■ **What this task involves**: Repeat the listing below word for word, minus the pictures.

** Data follows **

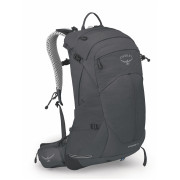 Туристичний рюкзак Osprey Stratos 24 світло-сірий tunnel vision grey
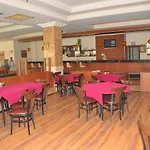 Hedef Hotel Alanya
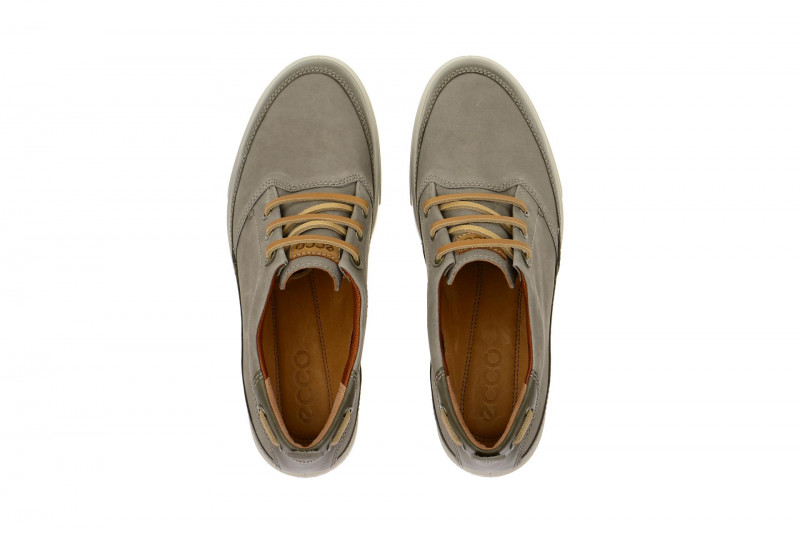 Ecco Collin grau warm-grey 53569458532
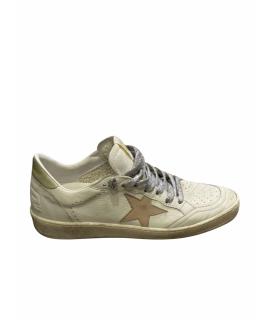 GOLDEN GOOSE Кеды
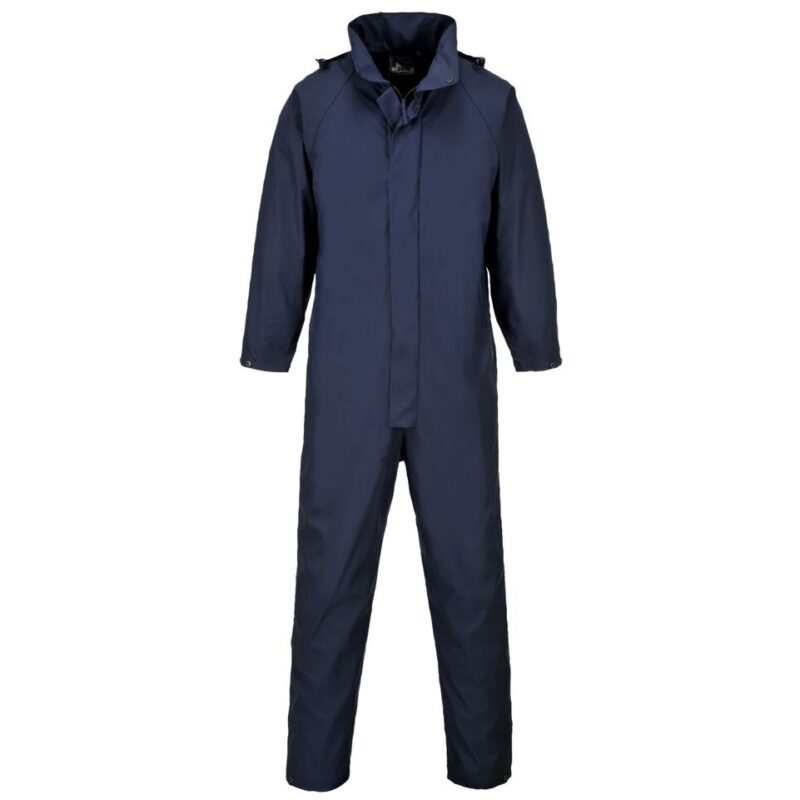 Portwest Sealtex Classic Coverall - Navy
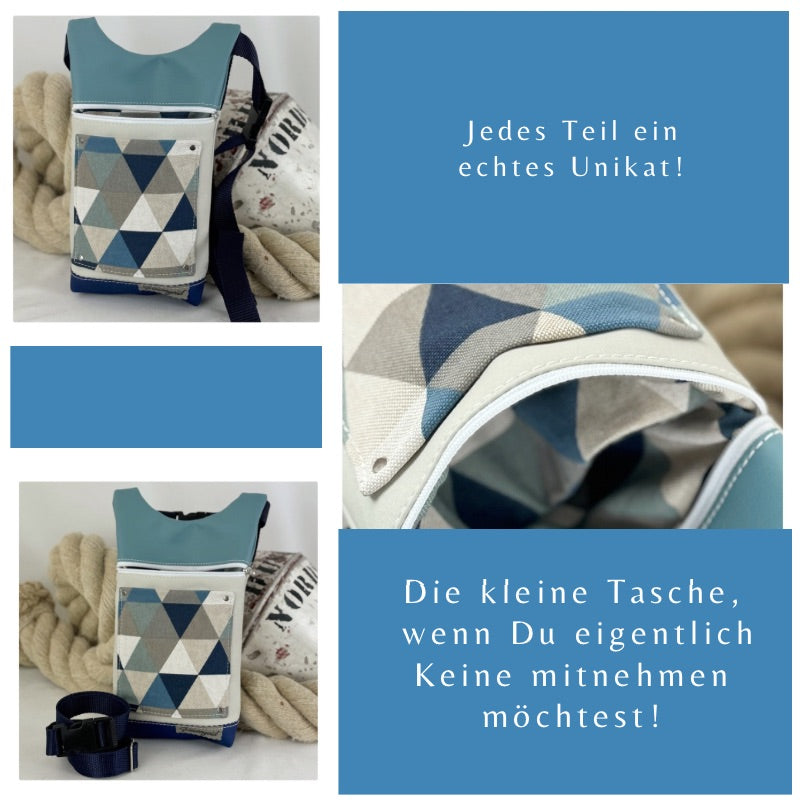 Gürteltasche Doreen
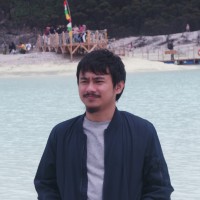 Dwi Vendy Pratama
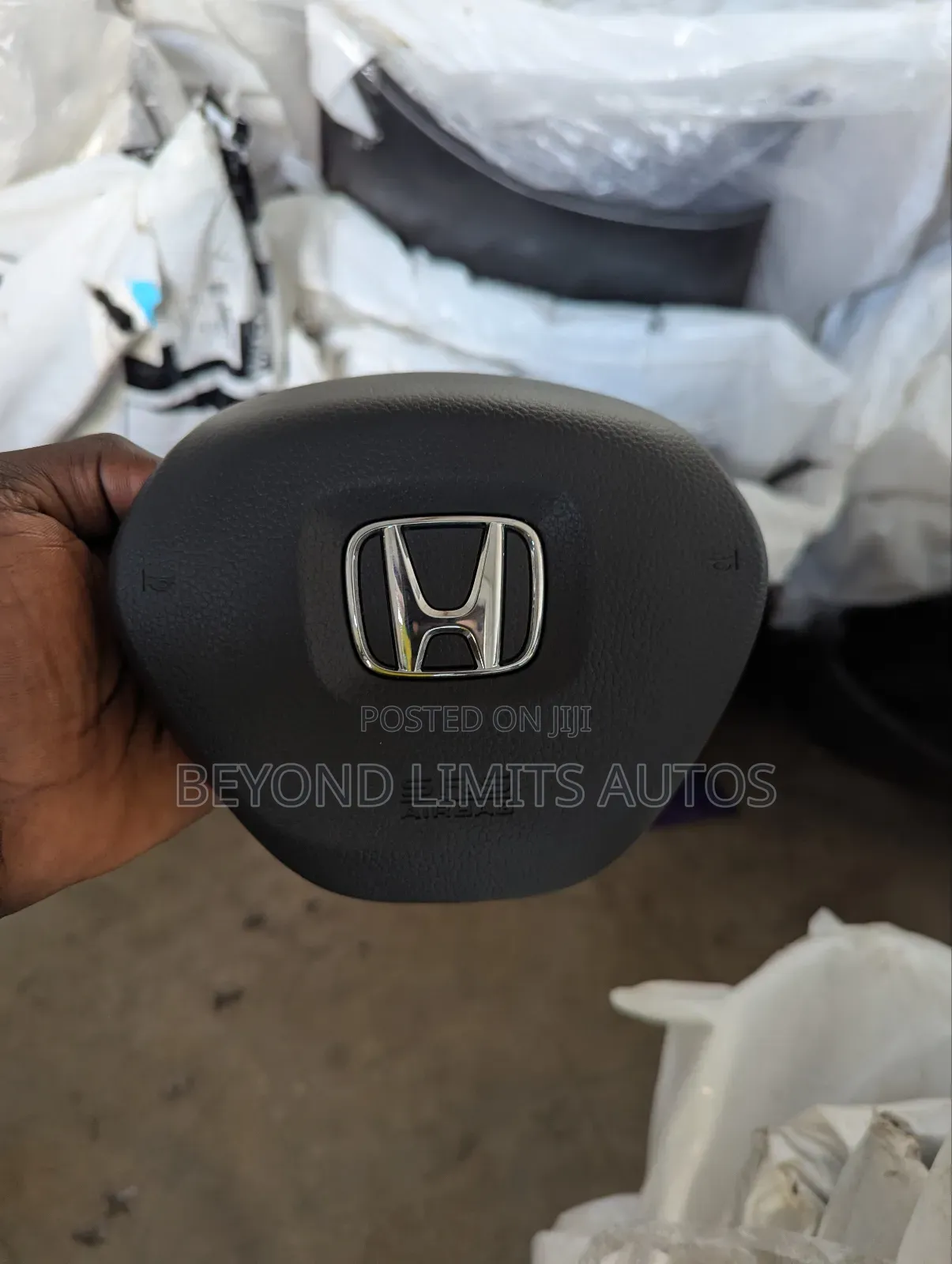Honda Accord 2019,2020,2021 Air Bag Cover/ Airbag Cover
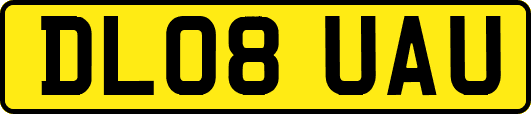 DL08UAU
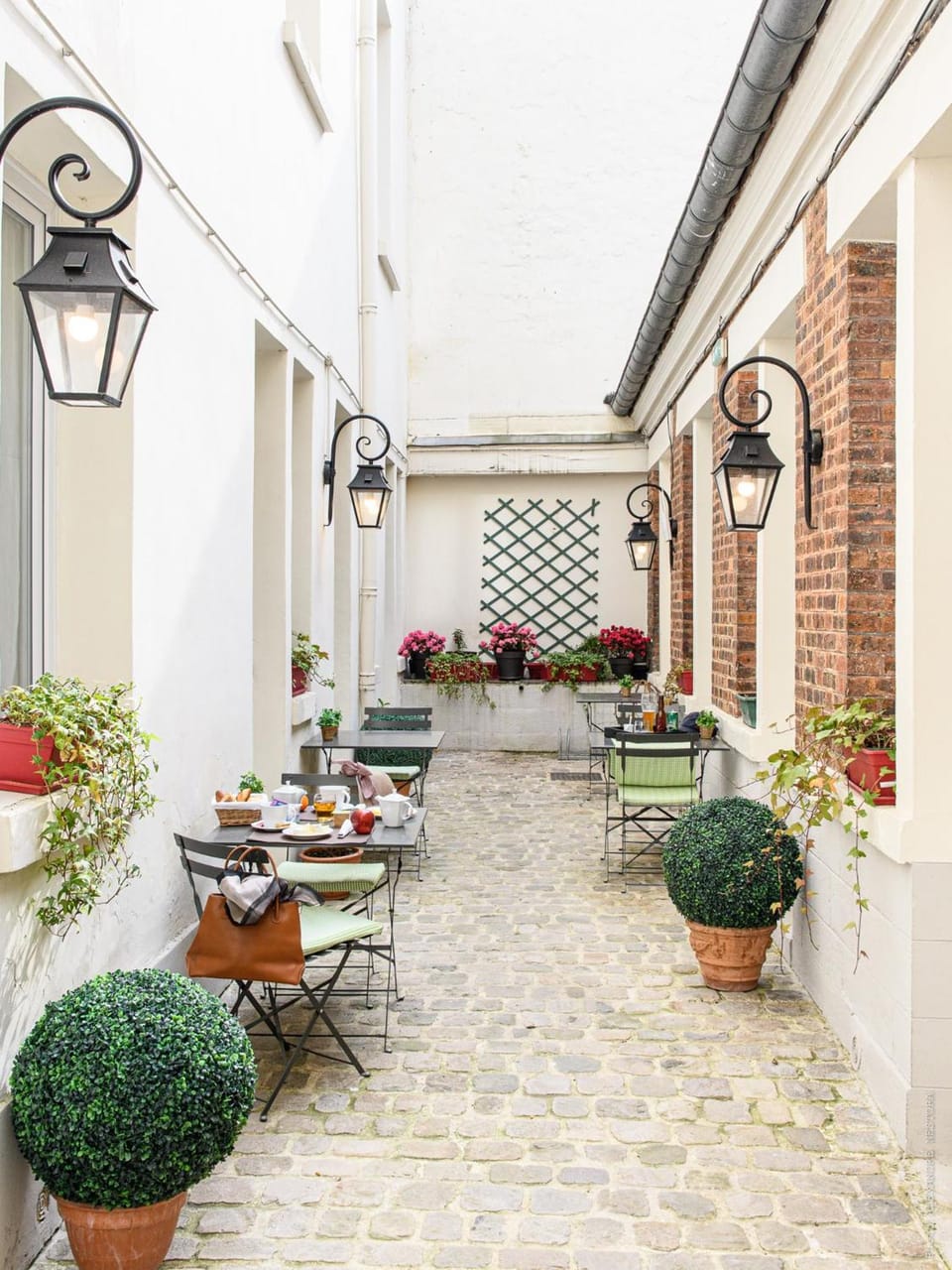 Hotel des Roys Versailles Hotel in Versailles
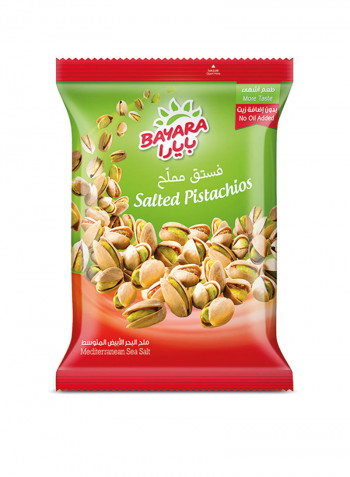 Salted Pistachios Nuts 150g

** End of Data **

■ **Exercise solution**:
 Туристичний рюкзак Osprey Stratos 24 світло-сірий tunnel vision grey
 Hedef Hotel Alanya
 Ecco Collin grau warm-grey 53569458532
 GOLDEN GOOSE Кеды
 Portwest Sealtex Classic Coverall - Navy
 Gürteltasche Doreen
 Dwi Vendy Pratama
Honda Accord 2019,2020,2021 Air Bag Cover/ Airbag Cover
 DL08UAU
 Hotel des Roys Versailles Hotel in Versailles
 Salted Pistachios Nuts 150g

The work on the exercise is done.